Aaron Rodgers has been synonymous with football for practically twenty years because the Green Bay Packers’ quarterback, however as he nears the top of his profession — each time which will be — he acknowledged it is not “all ball on a regular basis.”
Remember, the soon-to-be 39-year-old severely thought-about retirement after the 2020 season and wished to be the full-time “Jeopardy” host not too way back after he served as a two-week visitor host. This previous offseason he was a daily podcast as he made the rounds speaking about his ayahuasca use.
“Of course you concentrate on life after football,” Rodgers mentioned throughout his Tuesday look on “The Pat McAfee Show.”
“It’s not like (I) flip it on at some factors and switch it off. When you could have pursuits outdoors the sport there’s all the time issues that come up that you simply spend time doing in a few of your free time that you simply’re going to do extra if you’re executed enjoying. Of course, there’s that thought.”

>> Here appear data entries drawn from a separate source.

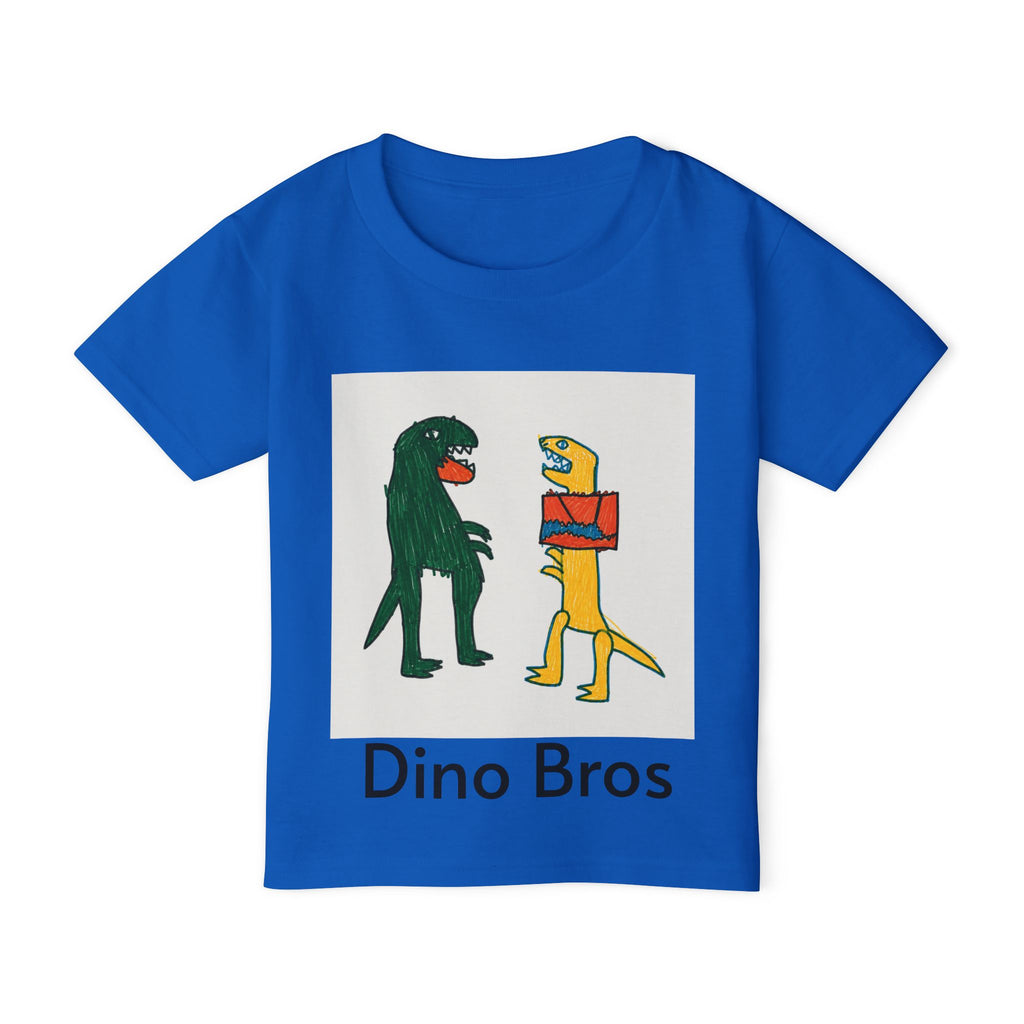 Toddler T‑Shirt — Dino Bros Cute Dinosaur Graphic Tee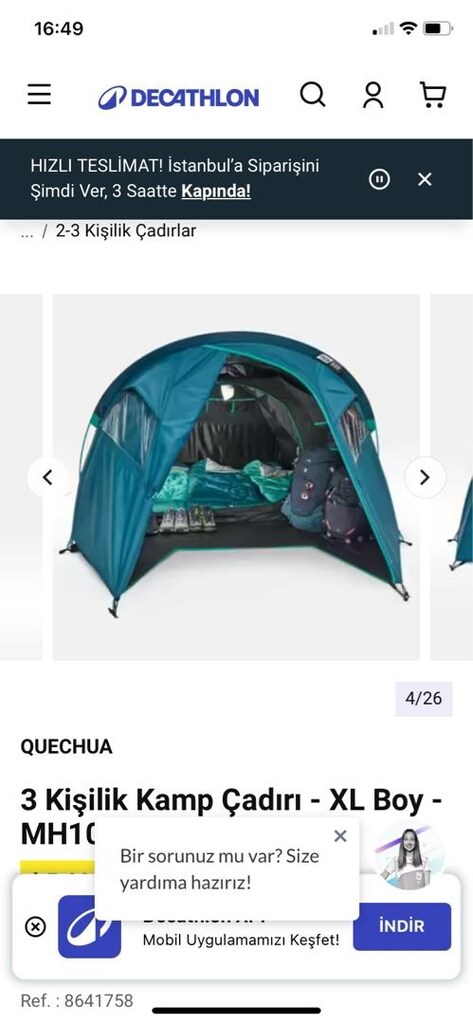 DECATHLON ÇADIRIM SATILIK - 4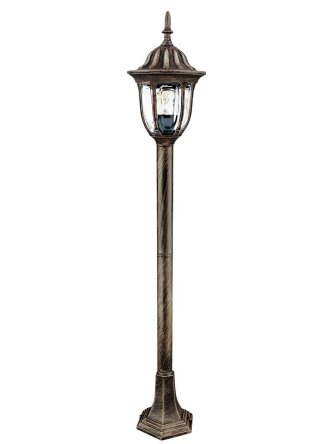 Lampa ogrodowa retro okrągła złota FLORENCJA 108cm 302595 - LEDco.pl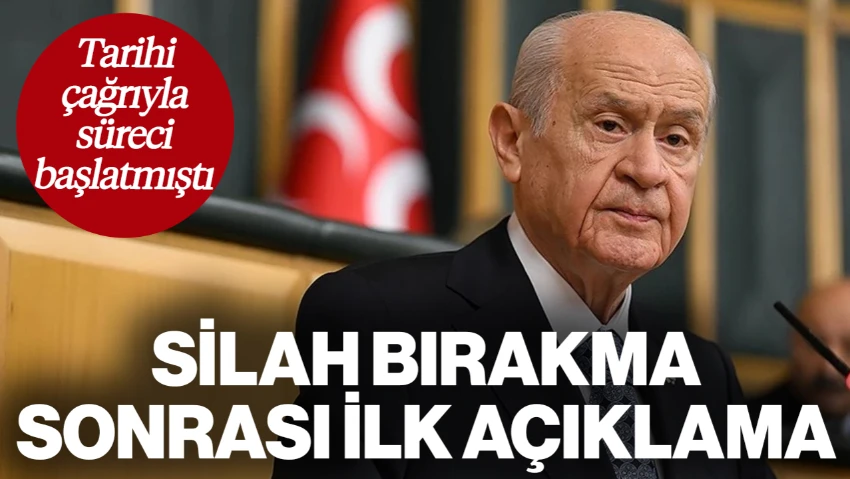 MHP Lideri Devlet Bahçeli'den 'Silah Bırakma' Açıklaması: 'Kötü Anılar Geride Kalacak'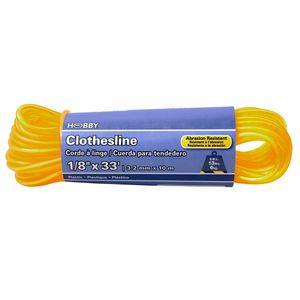 Cable para Tendedero de PVC Amarilla de 3mm x 10 mts. | HOBBY PRO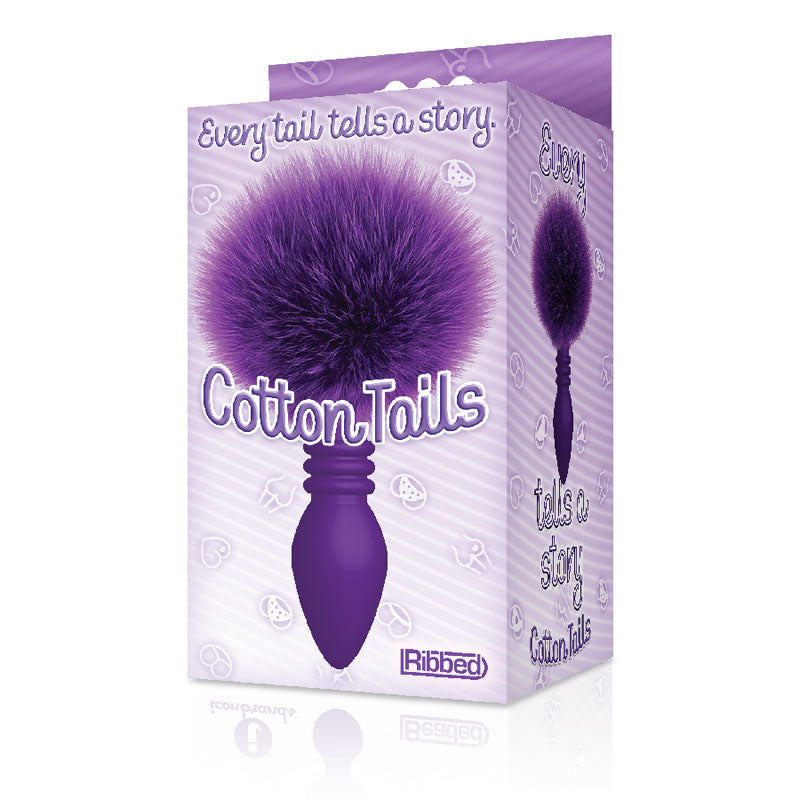 The 9's Cottontails, Ribbed - Butt Plug with Bunny Tail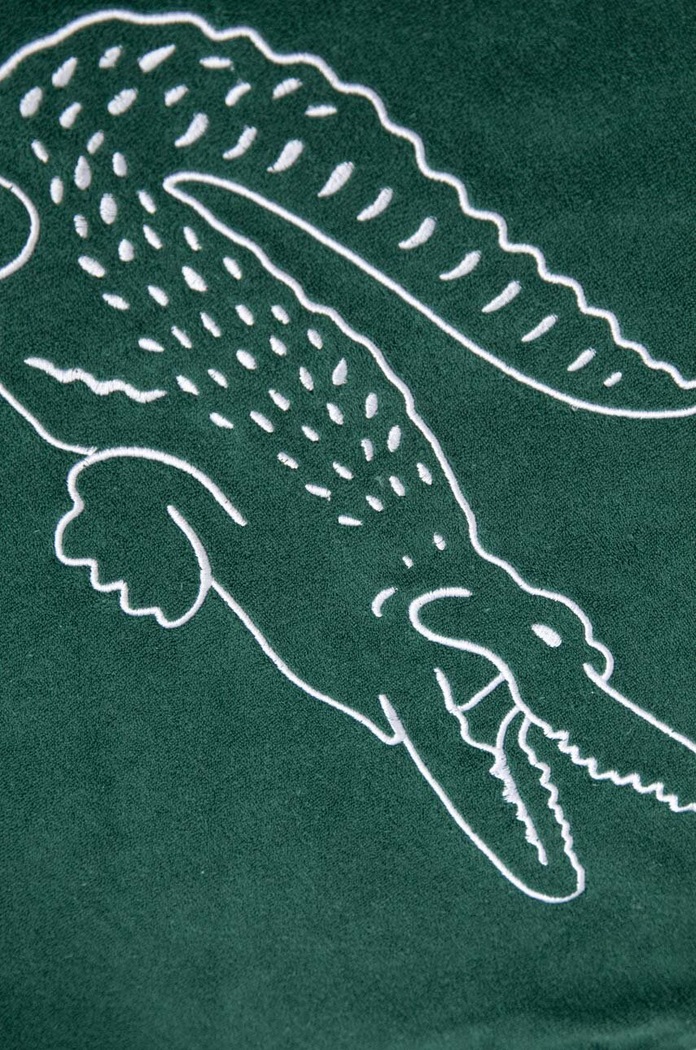 Dnevni boravak i spavaća soba Pamučna jastučnica Lacoste 980520 zelena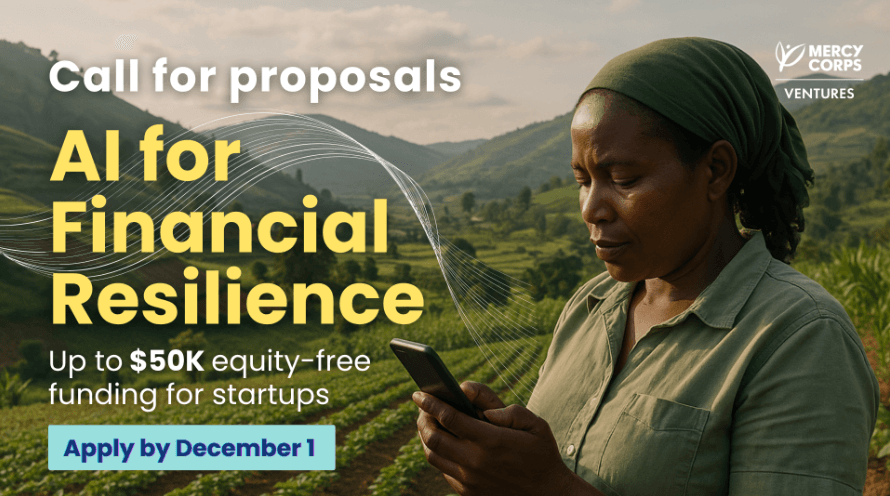 Mercy Corps Ventures’Al for Financial Resilience 2025/2026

Rodgers, who has a 19:7 landing to interception ratio this yr following back-to-back MVP seasons because the Packers have fallen to 4-7 and outdoors the NFC playoff image, mentioned his outdoors pursuits have not modified his preparation for video games this season.
Follow each sport: Live NFL Scores
“But it additionally does not change you could’t have pursuits outdoors of the sport that you simply take your thoughts to from time to time. I look ahead to these issues,” Rodgers mentioned. “Those aren’t within the entrance of my thoughts. Those are close to the again. But to sit right here and say it is all ball on a regular basis, and blah blah blah (expletive). I do not know, that is not the best way I a.m.

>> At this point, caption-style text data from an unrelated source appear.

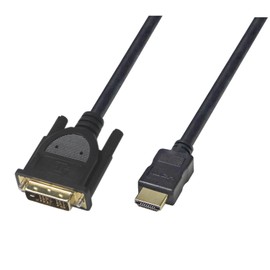 DVI to HDMI Converter Cable 2.0m [HDMI to DVI Bi-Directional] Gold Plated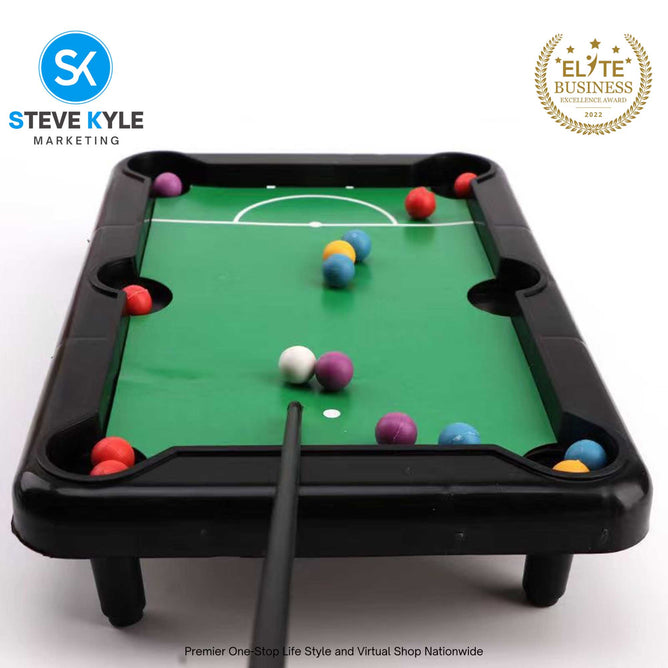 Billiard Ball Snooker Pool Table Top Game Set Kids Toy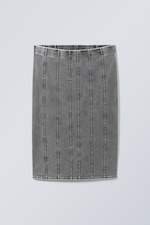 Washed Black - Bell Corset Skirt - 0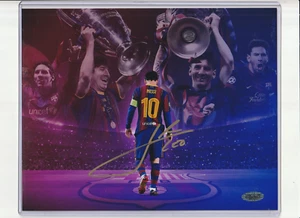 ๐ฅ Lionel Messi GOLD SHAPRIE AUTOGRAPH 8x10 w/ *COA* HAND SIGNED Leo ๐ฅ - Picture 1 of 5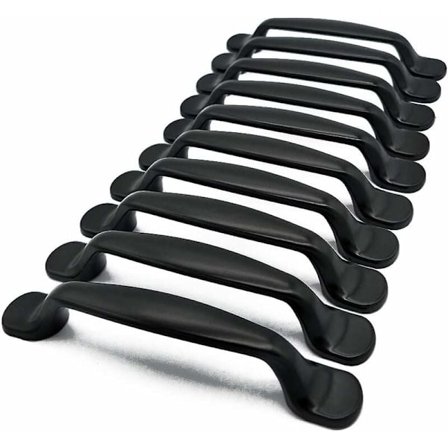 10x 96mm mustat keittiön kaapin oven vetimet kaapin laatikko makuuhuone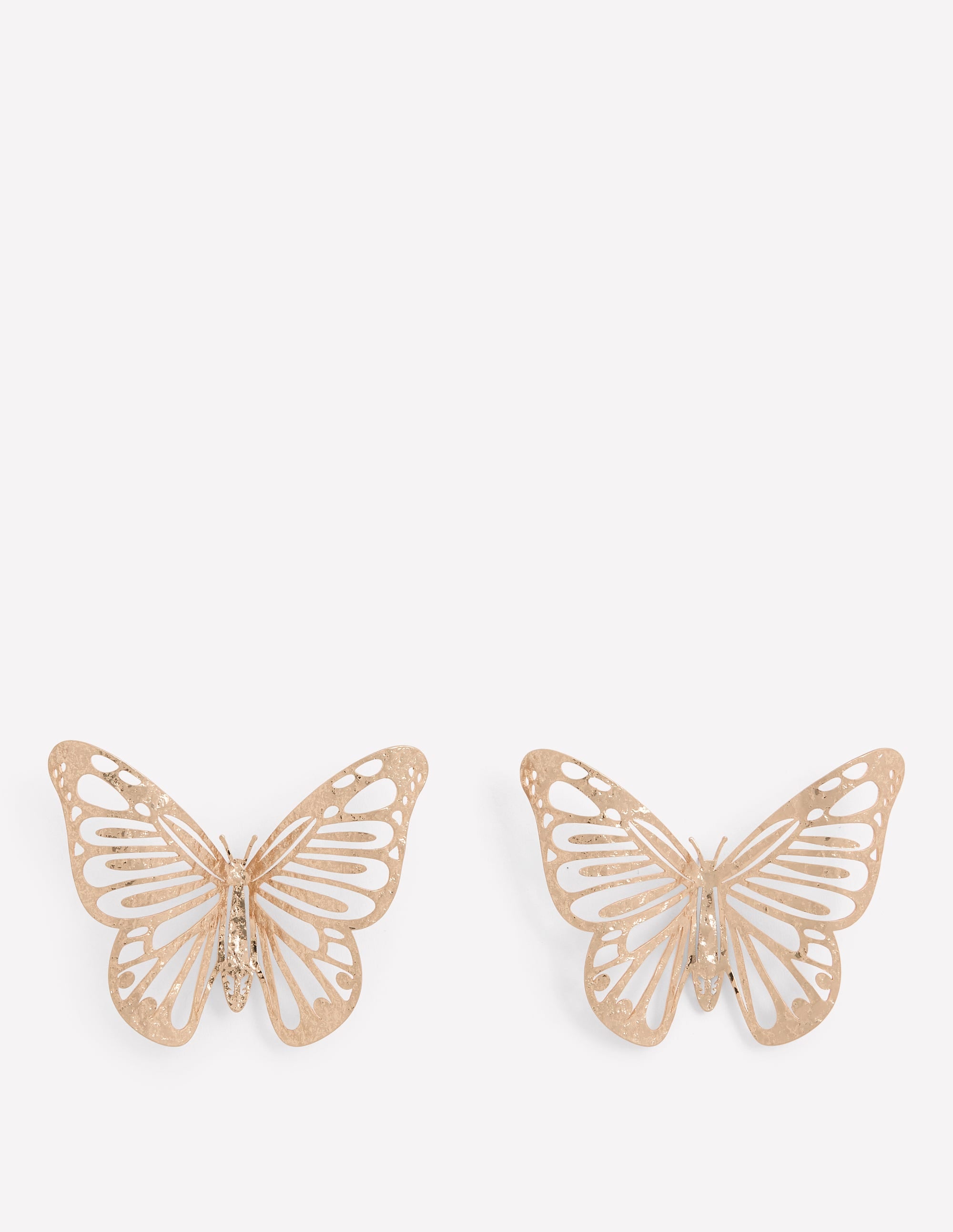 Statement Hammered Studs-Butterfly - Image 1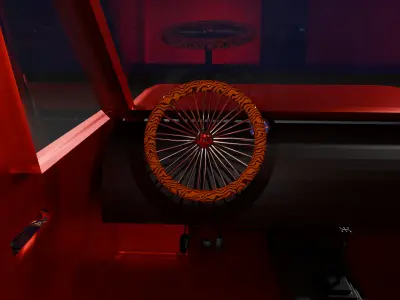 Stylized Retro Car 3D Model Low-poly 3D model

“There’s life after football and there is life outdoors of football even in the course of the season,” Rodgers continued. “It’s necessary to hold that stability … You’re all about discovering methods to tweak little issues, to enhance and to be extra environment friendly, however you are additionally an individual. You have a life.”
Rodgers has no plans to get into teaching when he retires
So what does he see his life wanting like after football?
“Definitely not teaching, I can inform you that,” Rodgers mentioned Tuesday. “I’ve little interest in being on the facility all day and guarding my desk.”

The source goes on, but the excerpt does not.